Feigenbaum test and semantic disambiguation

Now it is patent that there cannot be successful  Feigenbaum test (i.e. not only occasional Feigenbaum hits, but regular and average performance) without an adequate treatment of semantic disambiguation. Arguably, it is one hard problem of machine translation. Here are some typical instances:

  • ‘défense’: defense/tusk; Corsican: difesa/sanna
  • ‘fils’: sons/wires; Corsican: figlioli/fili
  • ‘comprendre’:
    understand/comprise; Corsican: capisce/cumprende
  • ‘vol’: flight/theft; Corsican: bulu/arrubecciu
  • ‘voler’: fly/steal; Corsican: bulà/arrubà
  • ‘échecs’: chess/failures; Corsican: scacchi/fiaschi
  • and the fourfold ambiguous ‘palais’: palace/palaces/palate/palates; Corsican: palazzu/palazzi/palate/palates

In short: no successful semantic disambiguation = no genuine successful  Feigenbaum test. Semantic disambiguation engine needs to be rewritten.

Double adjective accordance: scoring 98.43%

Now scoring 1 – 2/128 = 98.43%. There are only two related errors, of a special case of adjective accordance: ‘aux xxie et XXe siècles’  (in the 21st and 20th centuries) should translate into: à i XIXu è XXu seculi. There are 3 ambiguous words here:

  • ‘aux’ i.e. ‘à les’ (in the): à i (masculine plural)/à e (feminine plural)
  • ‘xxie’ i.e. ‘vingt-et-unième’ (21st): XIXu (masculine singular)/XIXa (feminine singular)
  • ‘xxe’ i.e. ‘vingtième’ (20th): XXu (masculine singular)/XXa (feminine singular)

Proper accordance should be performed as follows:

  • ‘aux’ : à i (masculine plural): depends on ‘siècles’ (centuries), masculine plural
  • ‘xxie’ i.e. vingt-et-unième (21st): XIXu (masculine singular)
  • ‘xxe’ i.e. vingtième (20th): XXu (masculine singular)

Of the same type are:

  • ‘les langues italienne et française’: e lingue taliana è francesathe Italian and French languages (English is ambiguous in this case, since ‘les langues italiennes et françaises’ translate the same, although the meaning is different, referring explicitly to the several varieties of Italian anf French languages.
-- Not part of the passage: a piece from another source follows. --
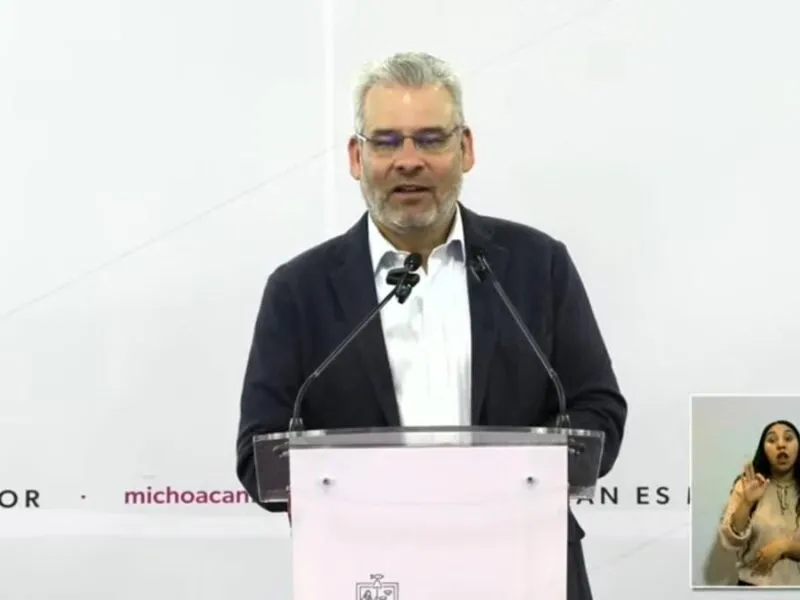 Bedolla agradece a diputados de Michoacán aprobación del presupuesto 2026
In French, the ambiguity only concerns oral text, since the written sentence is unambiguous. In Corsican language, both written and oral sentences are unambiguous.)
  • ‘les codes pénal et civil’: i codici penale è civilethe penal and civil codes

Now should it be considered an instance of a successful Feigenbaum test? Arguably, yes (although this is debatable). These two errors can not be considered as gross errors, from a Feigenbaum test perspective. They can be considered as some errors a human could do.

But caution: at present time, this is only one exceptional case of successful instance. Call it Feigenbaum hit. What we are intested in is regular successful  Feigenbaum test. For the moment the software is not capable of that. New target: 99% and/or more frequent successful Feigenbaum hits.

The disambiguation of French ‘fils’ again: scoring 98.42%

Scoring 1 – 2/127 = 98.42%. Of interest:

  • ‘de 839 à sa mort’ (from 839 to his death) should read: da u 839 à a so morte. French ‘de’ translates either into di or into da in Corsican language (to simplify matters, since in certain cases, being a partitive article, it translates into nothing).
  • now we face again the multi-ambiguous French ‘fils’, which can translate into: i) figliolu, masculine, singular (son) ii) figlioli, masculine, plural (sons) iii) fili, masculine, plural (wire/wires). In the present case, ‘Fils du roi…’ should translate Figliolu di u rè… (Son of King…).

To notice: five consecutive 100% sentences.

With regard to the Feigenbaum test: failed again. Arguably, the first error is of an acceptable kind, in this context. But the ‘fils’ error is a gross one, that a human would not do…